Afegãos voltam a acampar no Aeroporto Internacional de SP, em Guarulhos — Foto: Fabio Tito/g1
Um novo grupo de afegãos chegou durante a noite de quarta-feira (21) no Aeroporto Internacional de São Paulo, em Guarulhos, após conseguir vistos de acolhida humanitária.
Porém, sem vaga em abrigos, já são 205 imigrantes que acampam nos corredores do aeroporto à espera de acolhimento. A informação é da ONG “Coletivo Frente Afegã”, que acompanha a situação dos imigrantes desde o ano passado.
Segundo a prefeitura, Guarulhos possui atualmente 177 vagas para migrante e refugiados, sendo 127 geridas pelo município e outras 50 pelo governo estadual. No momento, todos estão lotados.
“Guarulhos tem se esforçado ao máximo para atenuar os problemas enfrentados pelos refugiados que chegam. Criou abrigos e fornece alimentação e cuidados assistenciais e de saúde aos que se encontram no aeroporto. A Secretaria de Desenvolvimento e Assistência Social está em contato com os governos estadual e federal e também com instituições parceiras buscando vagas para acolhimento, mas no momento, não há previsão”, afirmou a prefeitura, em nota.
Aline Sobral é voluntária da ONG e relata preocupação com os acolhimentos dos grupos e da alimentação.
“Ficamos preocupados com o acolhimento feito por conta de regras de abrigos, porque os afegãos têm cultura diferente. Precisam entender isso. Tem um que não deixa levar comida para a casa e uma mulher teve queda de glicemia”, diz.
“A alimentação é oferecida pela prefeitura, porém vai com alguns problemas. Eles têm conhecimento que muçulmano não come porco e tem vindo com carne de porco.
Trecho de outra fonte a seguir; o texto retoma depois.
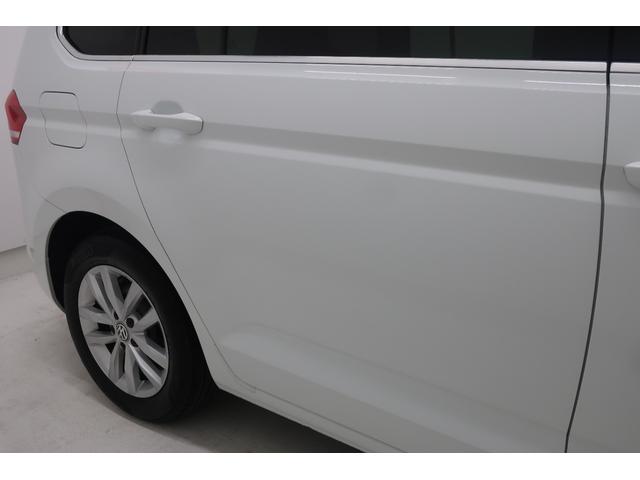 �����̂u�v���X�P���[�ł͏펞�V�O��ȏ�̒��ÎԂ�W���̔����I�戵�Ԏ�^�A���e�I���^�����I�^�|���^�S���t�^�S���t���@���A���g�^�U�E�r�[�g���^�p�T�[�g���@���A���g�^�S���t�g�D�[�����^�e�B�O�A���^�V������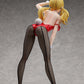Lucy Heartfilia Bunny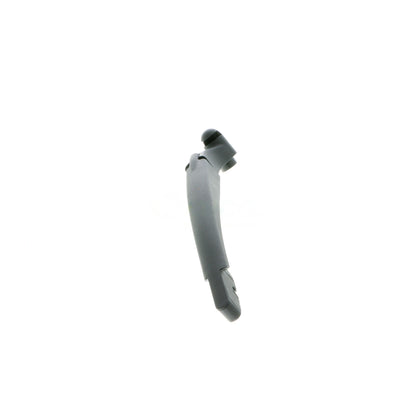 VAICO Wiper Arm, window cleaning V25-1465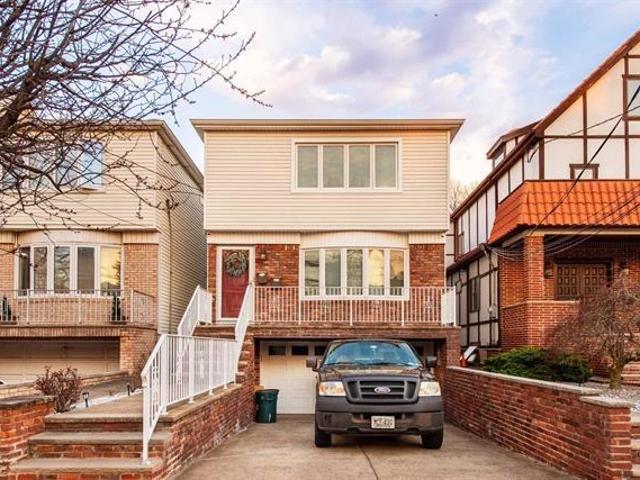 Property for rent in Hudson, New Jersey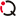iqservices.eu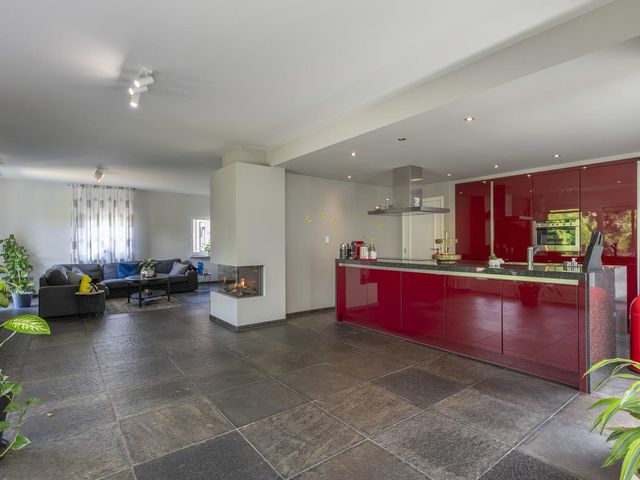 Maasbrachterweg 91, Echt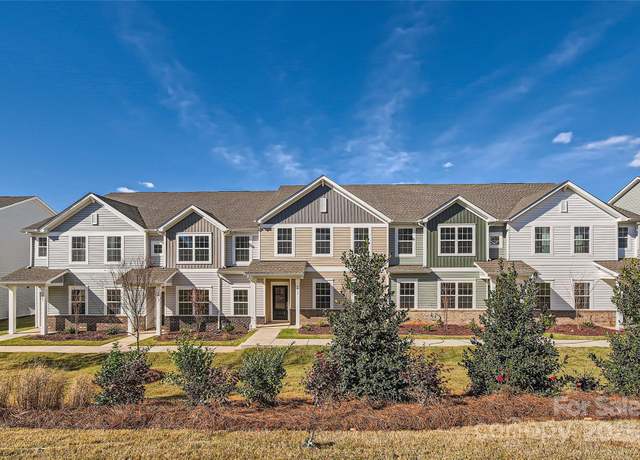 Property at 9839 Old Garden Cir, Gastonia, NC 28056, 3 beds, 2.5 baths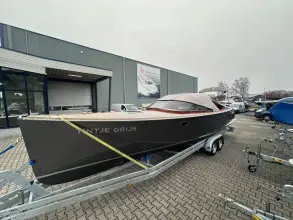 Thumbnail von Fineliner 31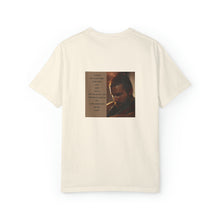 Load image into Gallery viewer, On My Way Album T-shirt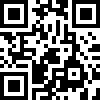 https://shahr.ir/xj5v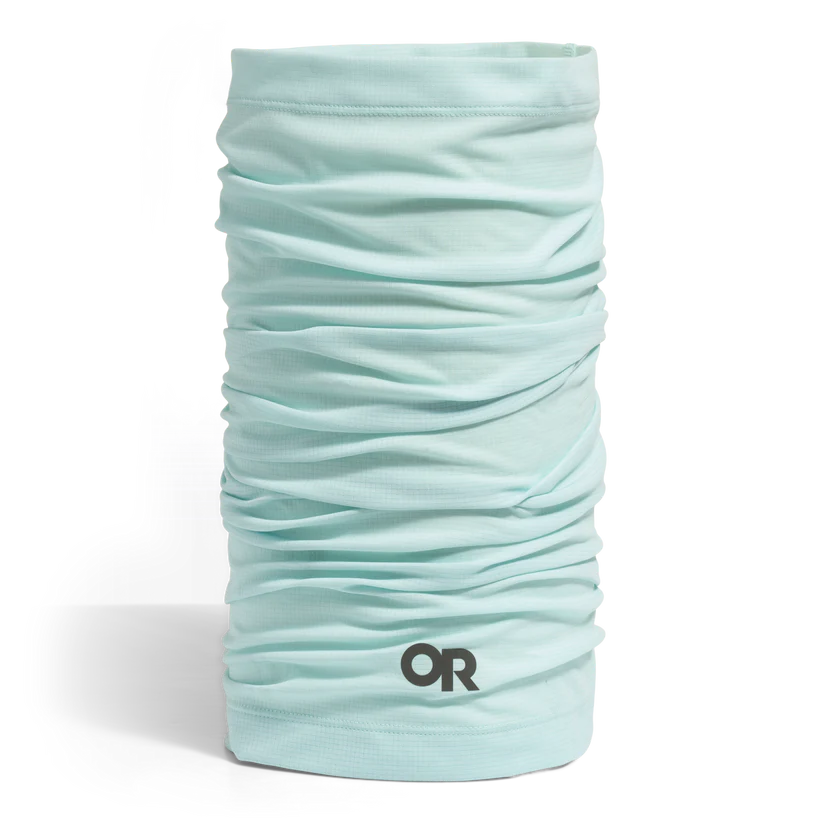 Outdoor Research - Echo Ubertube - Tidal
Quando não vem, vem sem proteína e umas chegaram estragadas. A gente se preocupa para que o dinheiro público não seja gastado de forma incorreta”, ressalta.
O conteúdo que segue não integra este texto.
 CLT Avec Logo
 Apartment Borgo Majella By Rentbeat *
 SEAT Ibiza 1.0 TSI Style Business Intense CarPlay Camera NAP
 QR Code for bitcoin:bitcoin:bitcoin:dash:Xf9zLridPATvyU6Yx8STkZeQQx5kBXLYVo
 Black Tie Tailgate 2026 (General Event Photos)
A prefeitura alega que nos abrigos da cidade os afegãos não recebem marmitas, mas insumos para preparem refeições. O Executivo diz ainda que uma vez foi enviada uma farofa com bacon, mas não houve registro de comida estragada.
O governo brasileiro publicou em setembro de 2021 uma portaria estabelecendo a concessão de visto temporário, para fins de acolhida humanitária, a cidadãos afegãos. Um ano após a portaria, a reportagem do g1 conversou com famílias que tinham acabado de entrar no Brasil em busca de liberdade e recomeço.
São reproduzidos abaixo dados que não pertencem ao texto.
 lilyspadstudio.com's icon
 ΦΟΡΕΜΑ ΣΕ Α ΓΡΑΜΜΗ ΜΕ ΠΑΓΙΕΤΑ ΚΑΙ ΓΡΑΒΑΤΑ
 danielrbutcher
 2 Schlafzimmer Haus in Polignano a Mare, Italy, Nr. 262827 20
A política de acolhida humanitária permanece em vigor. Até 14 de junho de 2023, o governo brasileiro autorizou a concessão de 11.576 vistos de acolhida humanitária em favor de afegãos.
Do total de autorizados, 9.003 vistos foram efetivamente entregues aos requerentes, segundo informou o Ministério de Relações Exteriores ao g1.
No ano passado, o Alto-comissariado das Nações Unidas para os Refugiados (Acnur) atendeu 1.035 pessoas afegãs. A maioria era composta por homens entre 18 e 59 anos (490) e mulheres na mesma faixa etária (248). Dessas 738 pessoas, 50,4% possuem formação universitária e 6,5% são pós-graduadas.
‘Cidade fronteira’
A prefeitura de Guarulhos protocolou pela segunda vez um ofício ao Ministério de Portos e Aeroportos para que o município possa ser reconhecido como “cidade fronteira do Brasil” devido à chegada frequente de afegãos ao país desde o ano passado.
O documento foi protocolado na última terça-feira (13) pelo prefeito Gustavo Henric Costa. Outros órgãos, como Ministério dos Direitos Humanos e da Cidadania, Ministério do Desenvolvimento e Assistência Social, Família e Combate à Fome, Ministério da Justiça e Segurança Pública, Casa Civil e a Organização das Nações Unidas também receberam.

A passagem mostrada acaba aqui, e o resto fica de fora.